Why it matters: Thousands of historic audiovisual items are kept at OSU, especially its special collections — and without digitization, these items largely sit unused and forgotten.
- "Unlike a book you can pull off the shelf, these items need to be in a format you can see," associate director of digitization Amy McCrory tells Axios.
Driving the news: This week, OSU hosts the 12th annual edition of Cinema Revival, a film festival celebrating the restoration work and bringing historic films to the big screen.
By the numbers: A 2020 assessment of OSU's special collections estimated they contained at least 15,000 reels of 16mm film, 10,000 CDs, 10,000 compact cassettes, 10,000 phonographs and more than 20,000 pieces of media in other formats.
Flashback: For years, OSU students and researchers outsourced digitization for their projects to specialist vendors who cost money and took weeks to process.
- In 2022, McCrory was given access to new funding to create "a new era for this department."

State of play: The new audiovisual preservation and digitization unit opened in 2023 and can now digitize everything from CDs and cassettes to more obscure open reel audio and U-matic tapes.
- They're still working on 16mm film and phonograph capabilities, both requiring expensive and specialized equipment.
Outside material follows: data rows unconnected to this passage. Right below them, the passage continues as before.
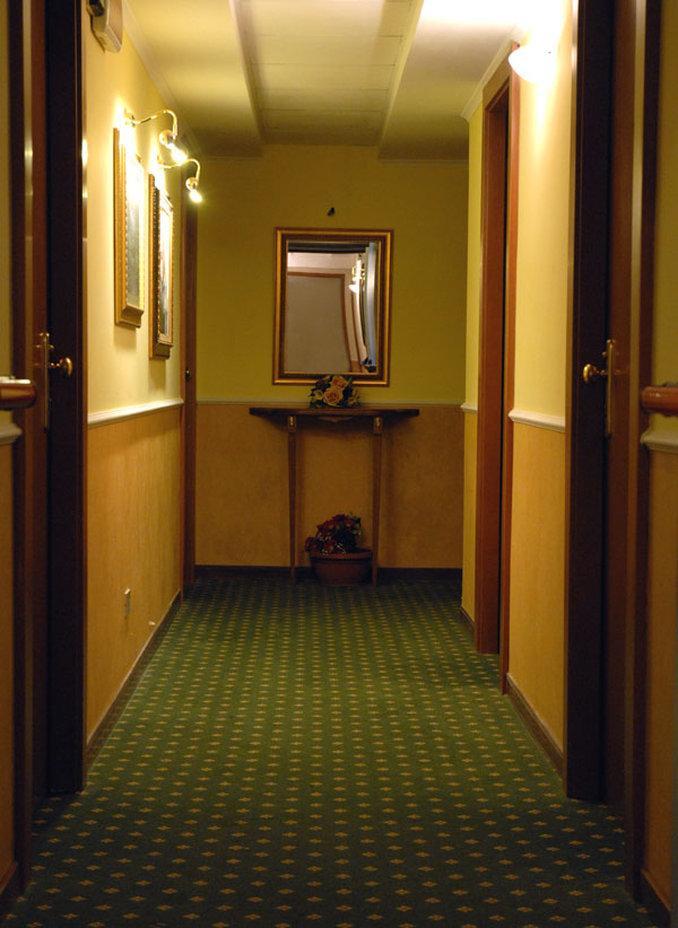 Aurora Garden Hotel 3*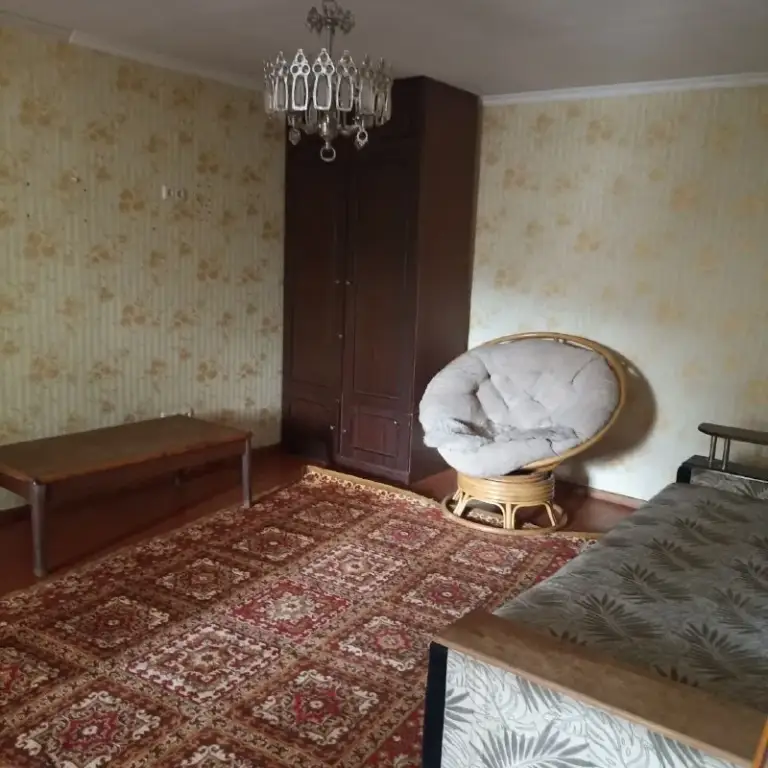Продам добротный двух этажный дом
Куйбышевский, азотный
Семёново тянь-шанского
Масандра–82 м
Жилой этаж–82м
Подвал -гараж–45м
Большой, сухой погреб в доме
Очень высокий фундамент,
Газифицирован,
Автаномное отопление
•Накопительная система воды, насос
•Новая, мощная проводка
•Очень много света
•Новая крыша после капиталки
•Фруктовые деревья, виноград, орех
•Облицовка кирпичем, стены очень толстые.
•Два машино места во дворе
•Новые заборы со всех сторон
•Есть возможность выкупа соседнего огромного, участка

Цена: 8🍋000.000 рублей
Документы на руках.
Показ оперативный
Дополнительные фото, видио
По запросу:
📲+79013347179
📲+79490273937
Виктория

Недвижимость днр - фотография - 7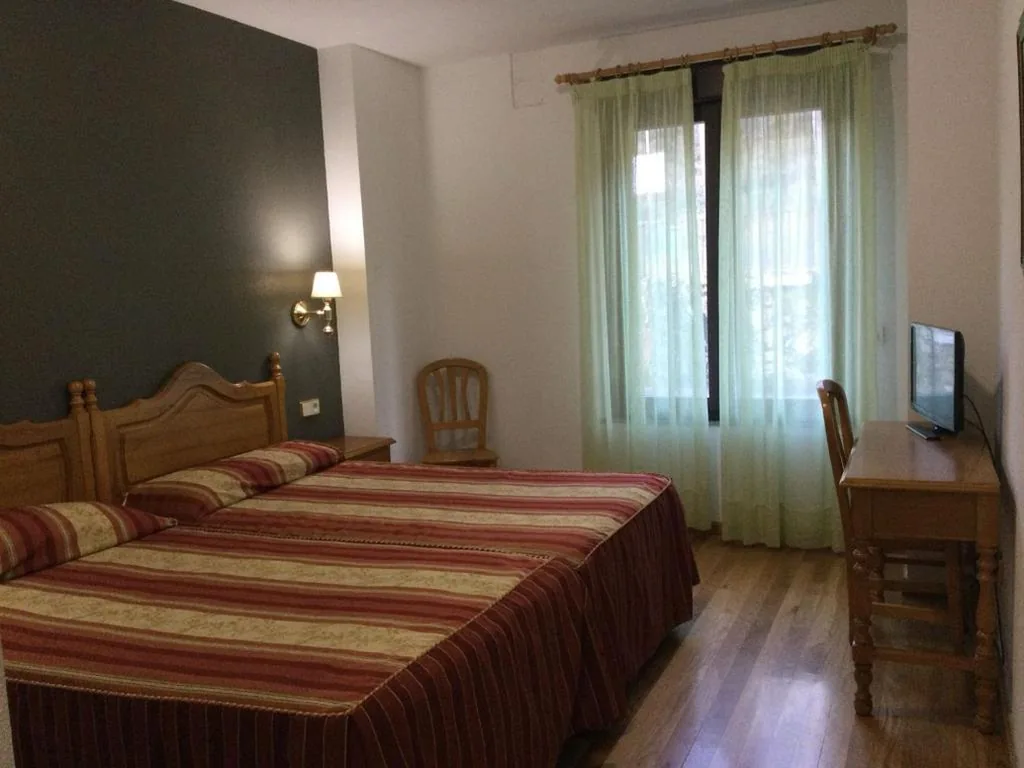 Quarto Duplo - 2 camas — Hotel Cinco Castaños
- The team works on requests from students and staff (free of charge), combs through the archives and completes special projects sought by outside researchers.
Case in point: The digitization team recently helped writer Carla Kaplan listen to more than 150 audio cassettes for a biography about mid-1900s author and activist Jessica Mitford.
- Along the way, they've uncovered archival media about influential mime Marcel Marceau and Columbus folk artist Elijah Pierce.
Cinema Revival showcases archival footage

The general public won't see much of the work done by the audiovisual preservation and digitization unit, but the annual Cinema Revival festival at the Wexner Center for the Arts allows this archival footage to shine.
What's inside: The lineup includes work spanning nearly a century, including:
- 3D movie "Money from Home," featuring Dean Martin and Jerry Lewis.
- One of Japanese director Mamoru Oshii's early live-action films.
- A collection of French shorts from the earliest days of video.
- Plus a new 70mm print of Steven Spielberg's "Close Encounters of the Third Kind."
What we're watching: The preservation team also put together a 75-minute spotlight that showcases some of its favorite items.
- Unit lead Tim Lanza's favorite is a collection of clips from "Porgy and Bess in Wien," a 1953 short film created as a counter to Soviet propaganda criticizing race relations in the U.S.
- Specialist Sarah Hartzell loved digitizing kinescopes of the 1950s WOSU show "The German Hour," which taught the language through sketch comedy and made her laugh "like a sitcom."
🎟️ If you go: Showings run from Feb. 26 to March 2.
- Festival passes start at $15 for students and are $42 for the general public.